Uche Okeke
The Triumph of Asele
The works of Uche Okeke
 

A  GALLERY  GUIDE

 

The Triumph of Asele: Uche Okeke At 70

 

Chinedu Ene-Orji


 

Contemporary Nigerian art history will not be complete if Uche Okeke is not properly fitted in the forefront. Starting as an undergraduate up until his retirement as a professor, and even, while at rest in Asele Institute, Nimo, Uche Okeke continues to straddle, the Nigerian art, nay, African, art scene.

 

As an undergraduate at the Nigeria College of Arts, Science and Technology (NCAST), Zaria, in the 1950s, Uche Okeke led his contemporaries, in a spate of nationalism, to protest against the Western-oriented art curriculum they were being taught. This initiative did not end there but evolved into what Okeke termed “natural synthesis.” Its thesis was built around a model where African students were encouraged to imbue their art with vision and philosophy that come from their immediate environment as against extraneous ones. This was a system where motifs extracted from their culture and tradition was used to aggregate their experience as well as contribute to national development. Some of his contemporaries were Bruce Onobrakpeya, Yusuf Grillo, and Demas Nwoko, Okechukwu Odita, late Simon Okeke, among others.

 

Subsequently, Uche Okeke went ahead to evolve from Igbo Uli a unique style of draughtsmanship consisting of elemental lines that were yet profound in execution and perception. It was perhaps not a coincidence when he was commissioned to illustrate the globally acclaimed African masterpiece, Things Fall Apart written by the eminent Chinua Achebe.

 

A man of strong conviction, Okeke lays his prodigious talent beside his beliefs. In the 1960s, during the Nigerian/Biafran civil war, he packaged an exhibition that toured Europe to prosecute the diplomatic battle that was opened there (the European front) and to shore up the Biafran side.

 

After the war in the 1970s, as a lecturer in the Fine and Applied Arts Department, University of  Nigeria, Nsukka (UNN), he led a renaissance of sort that involved arching back to the past to borrow from an art tradition (Uli body and wall painting) peculiar to Igbo women, to help initiate and propagate the modern Uli art movement/school.
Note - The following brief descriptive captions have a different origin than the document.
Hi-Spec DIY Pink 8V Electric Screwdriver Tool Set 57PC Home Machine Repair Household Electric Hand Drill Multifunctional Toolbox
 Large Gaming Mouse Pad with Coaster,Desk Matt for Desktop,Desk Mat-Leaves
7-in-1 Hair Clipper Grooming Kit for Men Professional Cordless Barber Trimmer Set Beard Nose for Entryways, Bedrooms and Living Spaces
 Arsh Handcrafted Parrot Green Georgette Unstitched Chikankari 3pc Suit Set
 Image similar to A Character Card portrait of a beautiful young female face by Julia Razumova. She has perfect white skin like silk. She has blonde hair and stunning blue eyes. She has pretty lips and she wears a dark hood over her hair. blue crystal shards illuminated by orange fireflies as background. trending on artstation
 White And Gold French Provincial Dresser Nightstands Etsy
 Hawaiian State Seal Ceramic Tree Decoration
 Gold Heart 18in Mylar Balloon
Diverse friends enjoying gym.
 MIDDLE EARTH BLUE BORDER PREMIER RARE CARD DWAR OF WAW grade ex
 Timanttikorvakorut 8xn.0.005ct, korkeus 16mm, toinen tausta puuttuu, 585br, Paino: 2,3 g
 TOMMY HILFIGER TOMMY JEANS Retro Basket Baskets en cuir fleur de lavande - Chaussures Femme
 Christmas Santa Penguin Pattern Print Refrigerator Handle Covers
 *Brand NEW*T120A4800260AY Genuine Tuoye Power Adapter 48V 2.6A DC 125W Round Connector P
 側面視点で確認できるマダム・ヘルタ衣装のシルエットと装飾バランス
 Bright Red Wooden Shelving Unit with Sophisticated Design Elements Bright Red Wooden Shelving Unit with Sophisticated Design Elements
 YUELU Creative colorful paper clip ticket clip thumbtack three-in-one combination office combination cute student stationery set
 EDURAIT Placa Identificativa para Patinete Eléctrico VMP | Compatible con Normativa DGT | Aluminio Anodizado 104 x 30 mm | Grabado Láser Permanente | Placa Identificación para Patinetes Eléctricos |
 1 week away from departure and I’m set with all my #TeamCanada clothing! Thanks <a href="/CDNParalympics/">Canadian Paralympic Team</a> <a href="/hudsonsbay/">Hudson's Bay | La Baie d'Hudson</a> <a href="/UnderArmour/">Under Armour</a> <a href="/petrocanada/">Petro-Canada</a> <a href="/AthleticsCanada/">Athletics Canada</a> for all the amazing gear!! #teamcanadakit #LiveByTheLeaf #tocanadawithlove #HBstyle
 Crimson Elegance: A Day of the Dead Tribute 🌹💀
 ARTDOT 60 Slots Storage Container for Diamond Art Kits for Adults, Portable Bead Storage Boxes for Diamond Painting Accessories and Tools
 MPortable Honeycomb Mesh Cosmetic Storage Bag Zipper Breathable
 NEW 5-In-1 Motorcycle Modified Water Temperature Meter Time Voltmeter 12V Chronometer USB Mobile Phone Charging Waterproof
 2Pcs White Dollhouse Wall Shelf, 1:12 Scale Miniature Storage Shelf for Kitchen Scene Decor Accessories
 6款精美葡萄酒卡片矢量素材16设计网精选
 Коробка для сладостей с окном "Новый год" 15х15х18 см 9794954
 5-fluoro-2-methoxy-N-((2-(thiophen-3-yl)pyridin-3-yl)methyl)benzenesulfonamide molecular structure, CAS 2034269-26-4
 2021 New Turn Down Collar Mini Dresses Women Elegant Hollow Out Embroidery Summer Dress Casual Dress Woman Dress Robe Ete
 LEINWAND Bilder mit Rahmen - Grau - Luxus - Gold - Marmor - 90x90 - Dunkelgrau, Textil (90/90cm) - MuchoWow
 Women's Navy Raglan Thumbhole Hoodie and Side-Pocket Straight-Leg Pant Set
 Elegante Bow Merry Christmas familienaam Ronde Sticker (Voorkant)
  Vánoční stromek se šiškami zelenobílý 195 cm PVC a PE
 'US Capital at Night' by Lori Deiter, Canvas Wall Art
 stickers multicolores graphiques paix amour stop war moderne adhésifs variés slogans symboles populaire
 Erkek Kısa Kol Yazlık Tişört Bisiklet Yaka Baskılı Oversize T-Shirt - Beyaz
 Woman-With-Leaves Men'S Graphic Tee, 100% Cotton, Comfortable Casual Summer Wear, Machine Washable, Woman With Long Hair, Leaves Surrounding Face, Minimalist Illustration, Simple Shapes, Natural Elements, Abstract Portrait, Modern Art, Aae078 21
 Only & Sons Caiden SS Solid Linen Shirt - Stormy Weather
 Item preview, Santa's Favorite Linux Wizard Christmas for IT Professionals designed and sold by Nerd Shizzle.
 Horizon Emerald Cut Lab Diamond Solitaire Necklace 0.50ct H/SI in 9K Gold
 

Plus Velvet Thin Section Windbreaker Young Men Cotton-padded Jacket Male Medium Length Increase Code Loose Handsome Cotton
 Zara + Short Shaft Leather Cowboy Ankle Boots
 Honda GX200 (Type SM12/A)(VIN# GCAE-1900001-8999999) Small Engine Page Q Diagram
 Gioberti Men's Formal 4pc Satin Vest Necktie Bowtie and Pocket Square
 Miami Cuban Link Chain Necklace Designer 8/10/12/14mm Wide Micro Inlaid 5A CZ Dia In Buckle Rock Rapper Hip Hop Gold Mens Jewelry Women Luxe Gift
The volume of research, publications and exhibits this initiative spawned is transgenerational and remains a testimony to Okeke’s prowess as philosopher-artist.

 

In the 1976, Okeke attained the rank of a professor and he retired honourably as the Dean, Faculty of Arts, UNN about a decade later. He proceeded to Asele Institute, Nimo, which he founded in the 1950s, not to rest (though he deserved it), but to continue with the propagation of art. As an attestation to a life of achievement, he has garnered numerous local, national and international awards.

 

In all Prof. Uche Okeke, an artist emeritus has built a corpus of work that spans his history. Some of his creations are in private and public collections around the world. But like all great men with a sense of history, shorn of pedantry and pecuniary instincts, he has in his possession a sizeable and representative portion of his oeuvre.

 

At a time like this, when our journey through nationhood is fraught with the celebration of crass mediocrity and opportunism, misplaced priorities and values and all manner of evil, it is imperative that we document history properly and point at a new vista by celebrating and honouring a genuine patriot, activist, national hero, academic and distinguished artist, Prof. Uche Okeke, as he turns 70 in April 2003.

 

Thematically, the works of Uche Okeke over the years have been varied. However, three strings of strong influence can be discerned. These are Igbo lore and myth, Christian religion and personal experience. Where as Uche Okeke’s philosophy and thought on national development through art and culture have been documented in his essays and publications, he has not used his art to propagate this more obviously. Apart from some of his works during the civil war years, very few of his art works have made social commentary; at most they have been a documentation of historical events. This is not a critique. In all, the life work and art works, which Uche Okeke has executed, are a testimony of an accomplished pathfinder, and a pointer to the efficacy of sustained vision, faith and dedication.